SINGAPORE - (THE BUSINESS TIMES) For time immemorial, we've been fed all manner of old wives' tales and fairy stories that we believed to be true at some point in our lives.
Such as the existence of Santa Claus and the tooth fairy. How you shouldn't point at the moon in case some goblin comes by to cut off your ears when you're asleep. How it's perfectly legal to pay someone you don't like in fishy 20 cent coins.
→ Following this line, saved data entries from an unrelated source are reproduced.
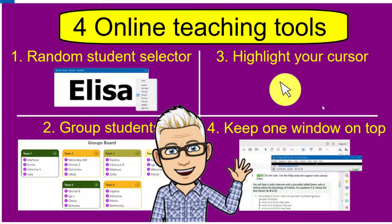Hi, TeflDude here. Today I want to show you the top four teaching tools which I use when I'm teaching online every day.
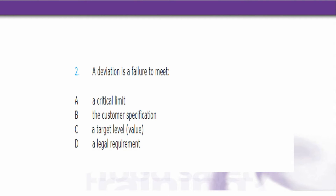Number 2. A deviation is a failure to meet what? Is it: A. A critical limit? B. The customer specification? C. A target level or value? D. A legal requirement?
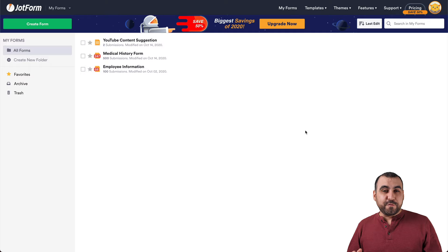Hi, welcome to JotForm. My name is George and today I'm going to show you how easy it is to use JotForm. Stick around and let's jump over to my desktop right now.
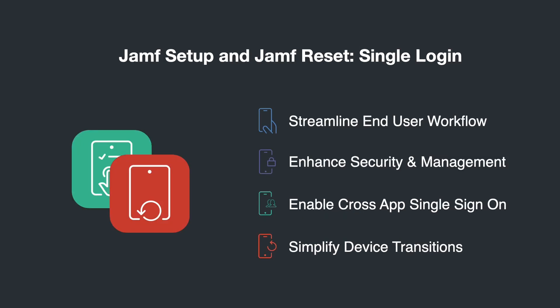Single login: a new workflow in Jamf's Setup and Reset apps that are available via Apple Business Manager or Apple School Manager now. For more information or to get started, head over to jamf.com/shared-device.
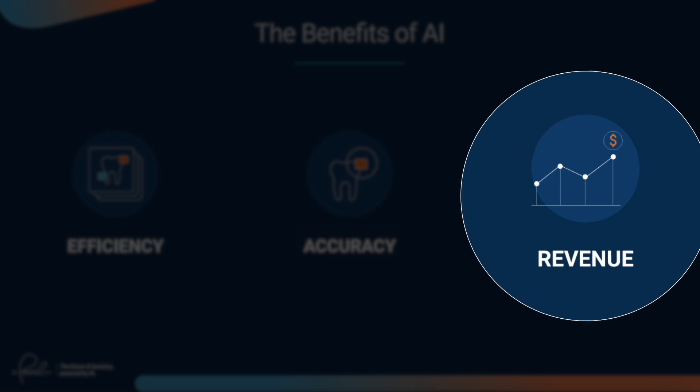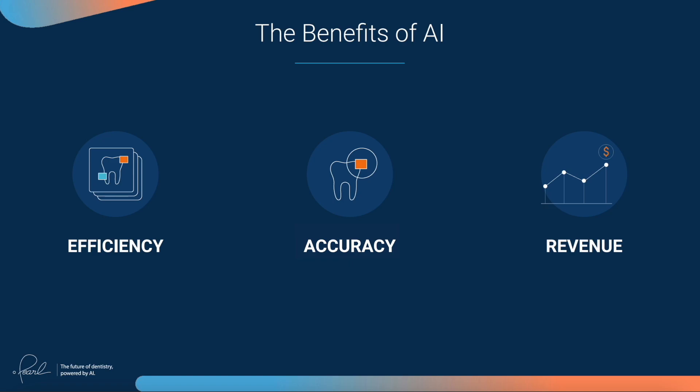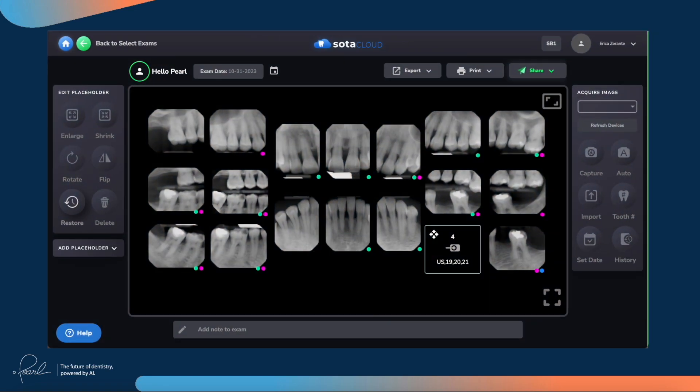Now let's jump into SodaCloud to show you how Pearl's native integration slots seamlessly into your x-ray evaluation and case presentation workflow. Like SodaCloud, Pearl is cloud-based technology, so just as you can access SodaCloud on any device in the world, you can also access the AI utilities that Pearl brings to the SodaCloud platform anytime and anywhere.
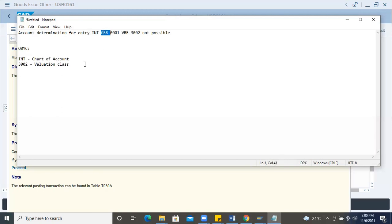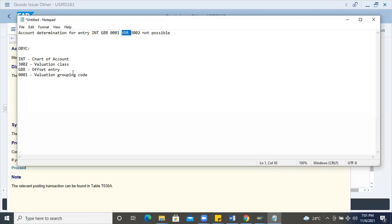GBB is the offset entry. Then G0 0001 is the valuation grouping code, and VBR is the general modifier. Okay, so I'll explain this for everyone — this is a little complicated knowledge. Based on experience, when it comes to VBR, 0001, GBB — all these are something different compared to general account posting.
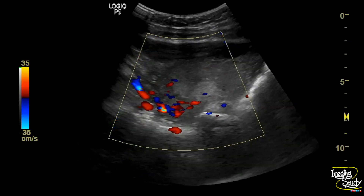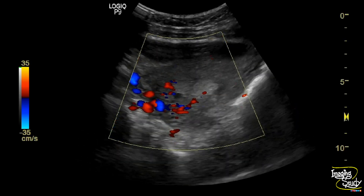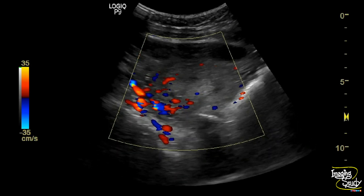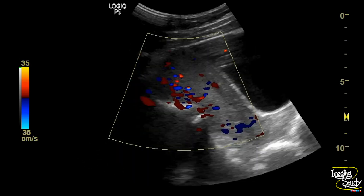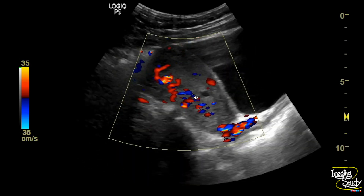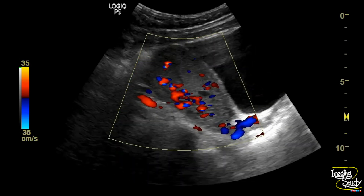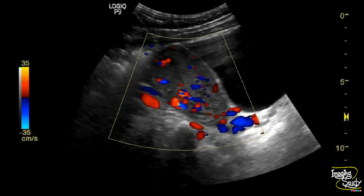So these irregular mixed echogenic substances are retained products of conception. Due to the presence of the trophoblastic layer, the color Doppler shows increased flow towards the products.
That French food is expensive.
We all know now how most of the above have played out, but how many of us dutifully accept that French fine dining is all linen tablecloths and degustation menus priced above $100 a head, regardless of whether the chef was born in a farmhouse 50km outside Aix-en-Provence, or had grandparents who once reared pigs in Lim Chu Kang?
#04-11 Ion Orchard
2 Orchard Turn
Open daily from 12pm to 9.30pm
Nationality notwithstanding, French or European produce has to take a fast plane or a slow boat to get here and either way, that all adds to the menu pricing, so we have been led to believe.
A $52 set dinner menu at a supposedly upscale French restaurant is therefore greeted with slight bemusement, an ingratiating nod of encouragement reserved for cooking school students running a campus eatery.
Why, there're even two kinds of amuse bouche, we clap silently in our heads, wondering how many set menus they have to sell to recoup the cost of one Laguiole steak knife the owners insist on using.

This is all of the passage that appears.